薄い金属板に突条を設けて剛性を増大する。」(第149ページ第22ないし24行)

(10)甲第10号証の記載事項
甲第10号証には,次の記載がある。
「rimとは
意味・読み方・使い方
主な意味(特に円形のものの)縁(ふち),へり,(車輪のタイヤを取り付ける)枠,リム
・・・
研究社 新英和中辞典での「rim」の意味
・・・
名詞 可算名詞
1(特に円形のものの)縁(ふち),へり〔of〕・・・the rim of a cup カップの縁.
2(車輪のタイヤを取り付ける)枠,リム
・・・
Eゲイト英和辞典での「rim」の意味
・・・
名詞
1(丸い物の)縁(ふち),へり;(眼鏡の)縁
・a rim of a plate
2(車輪の)外輪,リム
・・・」

(11)甲第11号証の記載事項
本件特許出願前に頒布された刊行物である甲第11号証には,図面とともに,次の記載がある。
「回路形成印刷は図1に示すようにこのメッシュスクリーンとスキージを使って被印刷物とスクリーンの間にギャップを設けて印刷を行うギャップ印刷法が知られており,現在も主流の印刷工法である。」(第8ページ右欄第7ないし11行)

(12)甲第12号証の記載事項
本件特許出願前に頒布された刊行物である甲第12号証には,図面とともに,次の記載がある。
「【0018】
導電性ボールは径小化に伴い粉体のような振舞いを示すようになる。そのため,慣性力(重力)の支配が相対的に小さくなる。例えば,通常,電子部品などの生産は大気中で行われるため,整列部材として使用されるマスクには,静電気を帯びたり水分が付着したりする部分が生じる。導電性ボールが径大で質量が大きい場合には,慣性力(重力)が支配的である。導電性ボールをスキージでマスク上を移動する場合或いは導電性ボールを位置決め開口部に装入した場合に,移動する導電性ボールは十分な慣性力(重力)を有している。したがって,上記のようにマスクに部分的に生じた静電気または水分により吸着されることが少ない。」

2 無効理由(特許法第29条第2項)について
(1)本件発明と甲1発明との対比
本件発明と,甲1発明とを対比する。
ア 甲1発明は,「導電性ボール搭載用マスクの製造方法」に係る発明であるから,甲1発明の「2個のパターン開口部9」は,本件発明の「振り込まれた導電性ボールが挿通する複数の開口部」に相当する。

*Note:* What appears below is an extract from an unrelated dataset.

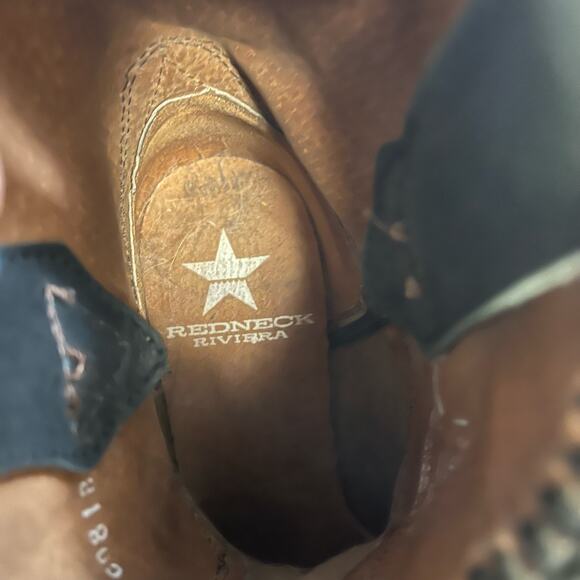 Redneck Riviera Black Fringe Cowgirl Boots Size 8 - Picture 6 of 7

イ 甲1発明のマスクは,「電鋳母型1から引き剥がされた平坦な一方の面と,前記一方の面を基準面として,1次電着層6と2次電着層12の合計の厚さを有する凹部ではない領域と,1次電着層6と2次電着層12の合計の厚さを有する前記凹部ではない領域に隣接する領域であって,前記一方の面を基準面として,その厚さを,1次電着層6と2次電着層12の合計の厚さから,2次電着層12の厚さにまで減少させる,下方に向かって略円弧状に形成された凹部の縁部である領域と,前記凹部の縁部である領域に隣接する,2個のパターン開口部9を含む領域であって,前記一方の面を基準面として2次電着層12の厚さを有するパターン開口部周辺の領域とを備え」る形状を有するものである。
そして,当該マスクは,1次電着層6と2次電着層12とによって形成される。
そうすると,前記マスクのうち,前記「一方の面」を基準面として,2次電着層12の厚さまでの部分は,本件発明の「メッキにより形成」された「マスク本体」に相当するといえる。

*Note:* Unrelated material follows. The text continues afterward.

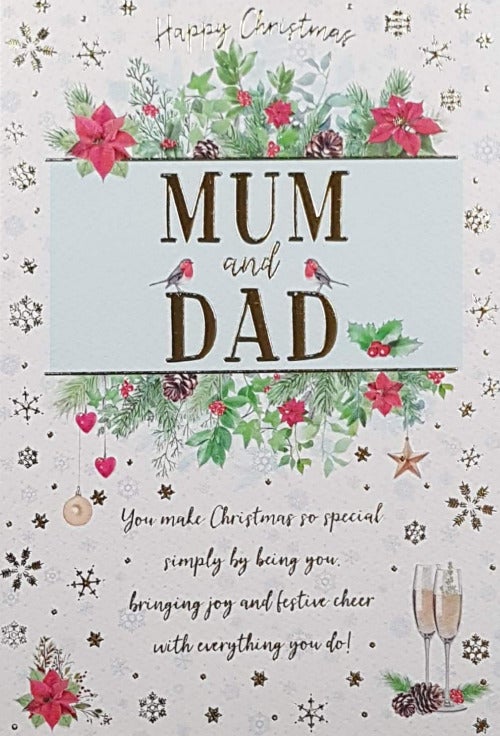 Mum And Dad Christmas Card - Two Robins Sitting On Letters D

ウ 甲1発明の凹部が,「基板の導電性ボール搭載部の電極の上に形成されているフラックス等が前記マスクに付着するのを防止することを目的として,基板面側の開口パターン周辺部に形成されるものであ」ることから,甲1発明の凹部は,導電性ボールが振り込まれる側ではなく基板の電極と対向する側となるマスク本体裏面に存在することは明らかである。
そうすると,甲1発明のマスクのうち,上記イの「マスク本体」を除く部分,すなわち,甲1発明のマスクの凹部ではない領域及び凹部の縁部である領域とを併せた領域における一方の面を基準面として2次電着層12の厚さを超える部分と,本件発明の「メッキにより形成され,導電性ボールが振り込まれる側ではなく基板の電極と対向する側となる前記マスク本体裏面の前記開口部以外に部分的に突出され,互いに分離独立した複数の突起」とは,メッキにより形成され,導電性ボールが振り込まれる側ではなく基板の電極と対向する側となるマスク本体裏面の開口部以外に部分的に設けられた部分である限りにおいて一致する。

エ 甲1発明の「凹部の縁部が下方に向かって略円弧状に形成される」と,本件発明の「前記分離独立した複数の突起の先端部は,その周縁エッジ部が丸味を持ったR形状に形成されており,布拭き取り時の引っ掛かりを防止する」とは,エッジ部が丸味を持ったR形状に形成されているという点で一致する。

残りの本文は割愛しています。